The Bad Debt Trap

 Businesses in Cayman are grappling with the economic situation. Many companies find it hard to generate new business and struggle to maintain the status quo. With cash flows depressed and loans hard to come by, Cayman’s economy is facing a vicious cycle caused by a phenomenon that gets increasingly worse during a recession: bad debt – the inability or unwillingness of clients and contract partners to pay invoices on time or in full.
   When businesses do not pay their bills the knock-on effect is often severe for the creditors, who in turn might default on their liabilities or find themselves in a position where it becomes difficult to pay wages, pensions or healthcare. At the very least businesses that are owed money will face higher financing costs and a strain on their cash flow.
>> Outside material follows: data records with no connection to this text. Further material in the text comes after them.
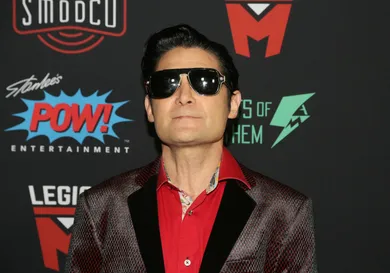 Gabriel Olsen/Getty Images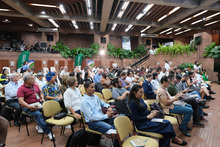 Cali, epicentro de la conservaci&oacute;n del patrimonio natural del Pac&iacute;fico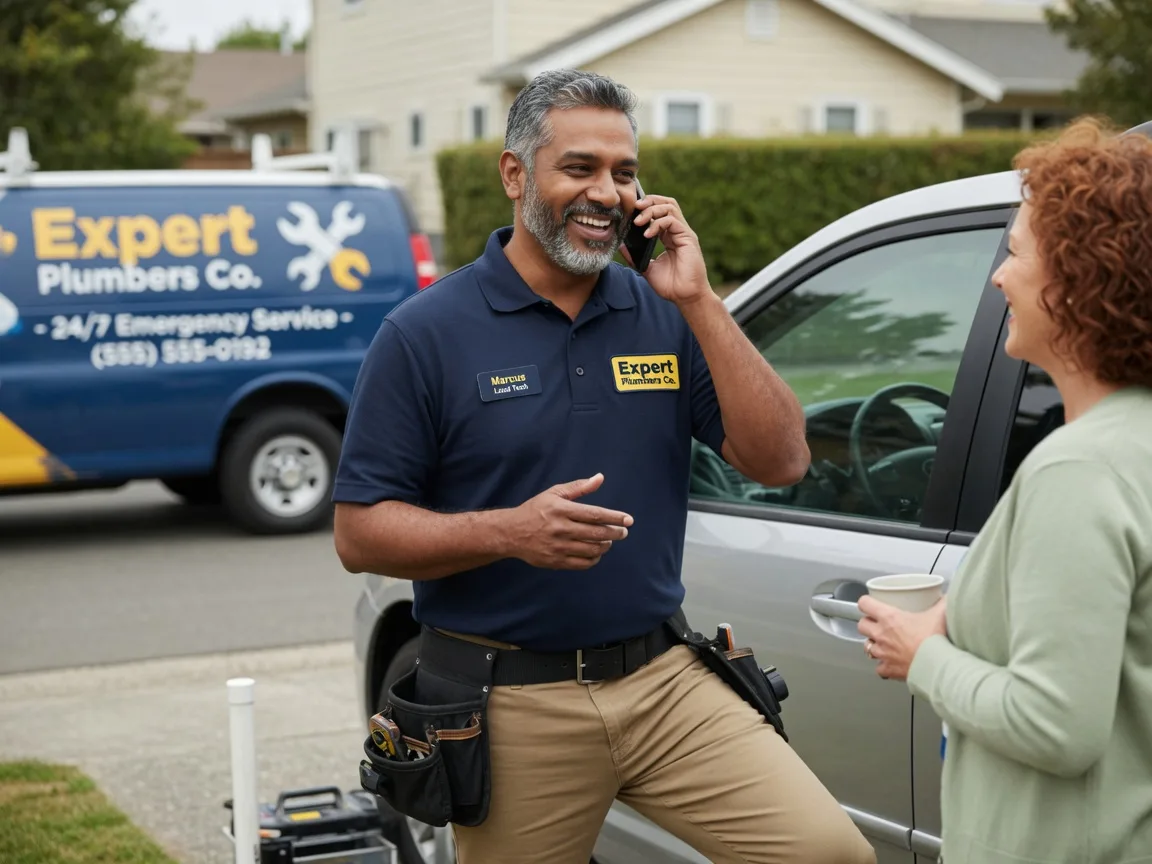 Drain Cleaning Lakeside, CA FAQs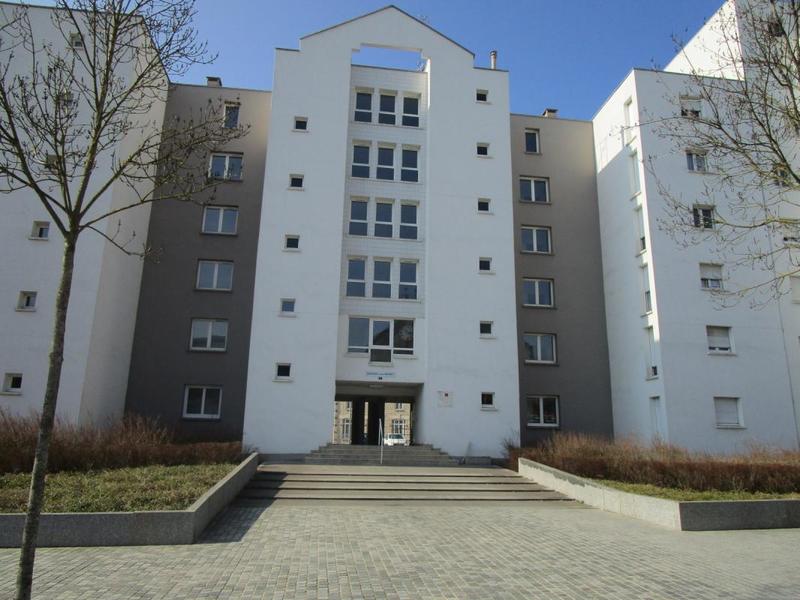 Studio - 36 m² - 1 pièce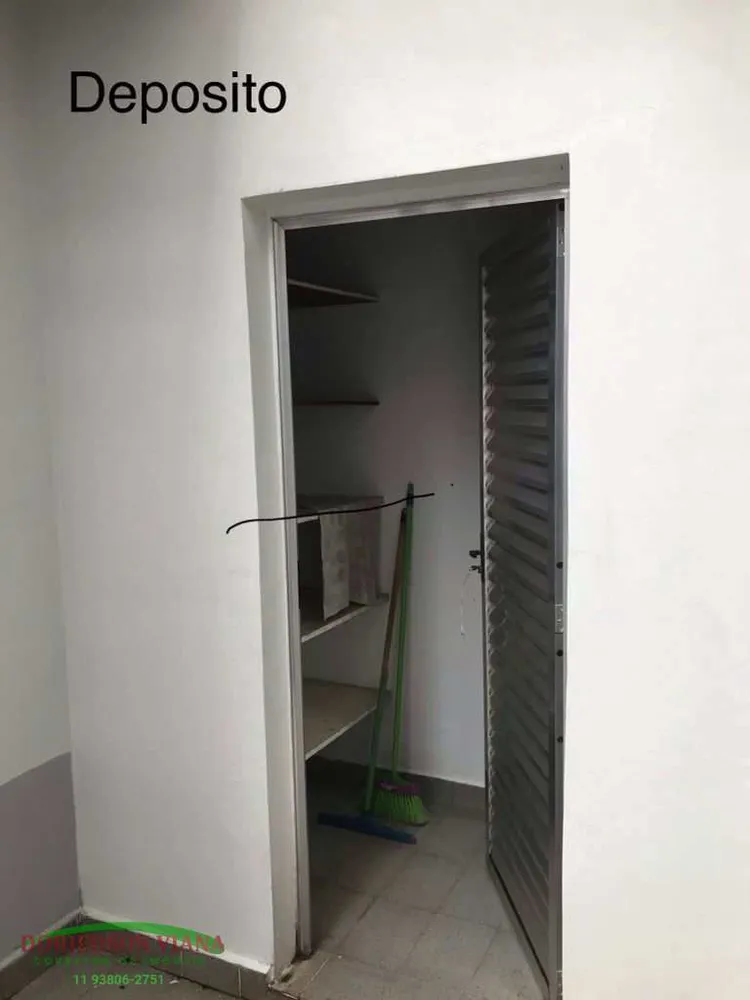 Sobrado, 3 quartos, 220 m² - Foto 8
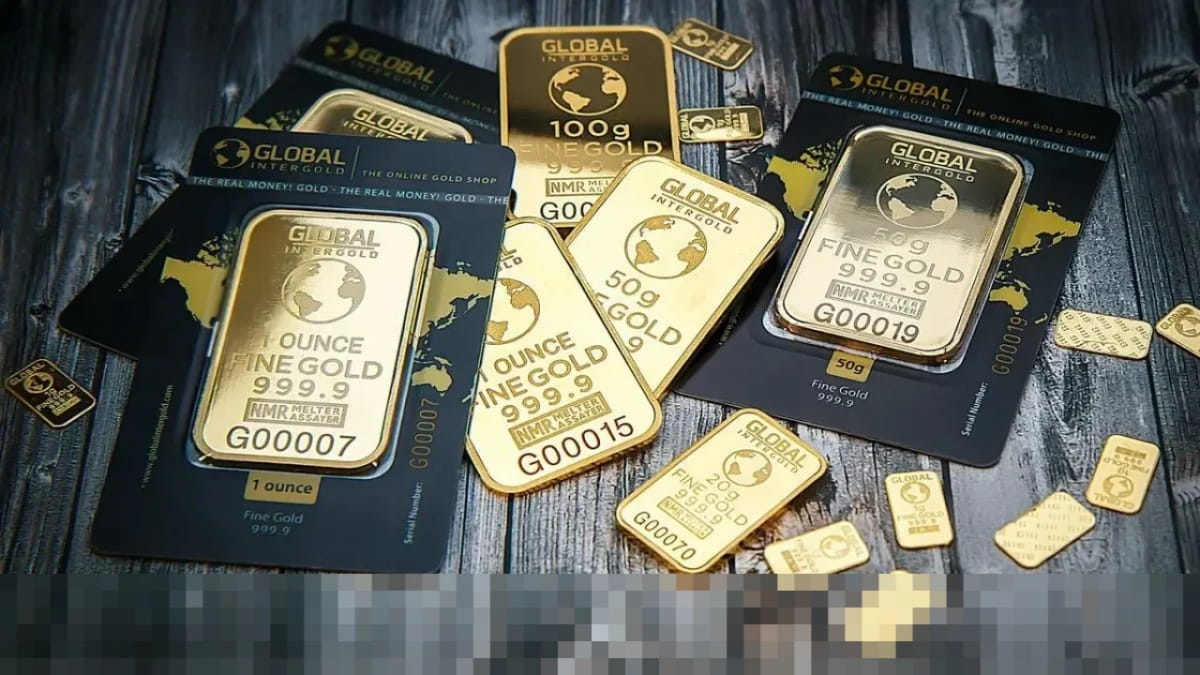 Volatilitas Emas Tinggi, Trader Asia Tenggara Beralih Strategi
   Bad debt, whether as a result of an economic downturn or a general disinclination to settle debt, quickly permeates through the economy gradually increasing the problems.
   Local businessman Sam Small says he has two firms, a consulting firm and a contracting firm: “The consulting firm is owed close to $100,000. Most of my colleagues, they tell me that’s very good. And the construction firm is owed about half a million.”
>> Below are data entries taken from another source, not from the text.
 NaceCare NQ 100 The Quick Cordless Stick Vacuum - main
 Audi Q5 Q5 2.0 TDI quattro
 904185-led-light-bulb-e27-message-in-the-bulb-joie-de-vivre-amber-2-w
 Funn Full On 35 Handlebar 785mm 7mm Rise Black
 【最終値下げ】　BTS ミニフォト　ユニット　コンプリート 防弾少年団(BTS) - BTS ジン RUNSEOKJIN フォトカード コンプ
   After having spoken to other firms and suppliers, Small believes it is a wider problem that affects more than just his own business.
   “I have spoken to a friend of mine who is the principal at an architectural firm. They are owed over a million dollars in fees.”
   Especially the gentlemanly type, he finds, “the type that did the handshake the old-fashioned Caymanian style, some of them are owed a million to two million dollars.” Often this debt has built up over many years.
   Small does not ascribe the problem to the difficult economic situation alone. He believes some people are taking advantage of businesses with less stringent credit policies and also from the fact that business in Cayman is based on giving credit.
   This is precisely the reason why the Cayman Islands National Credit Bureau advocates that businesses need to implement a sound credit policy, says its Director Rayal Bodden. “In today’s business environment you definitely need to have agreements in place with your clients, to set out your terms of engagement.”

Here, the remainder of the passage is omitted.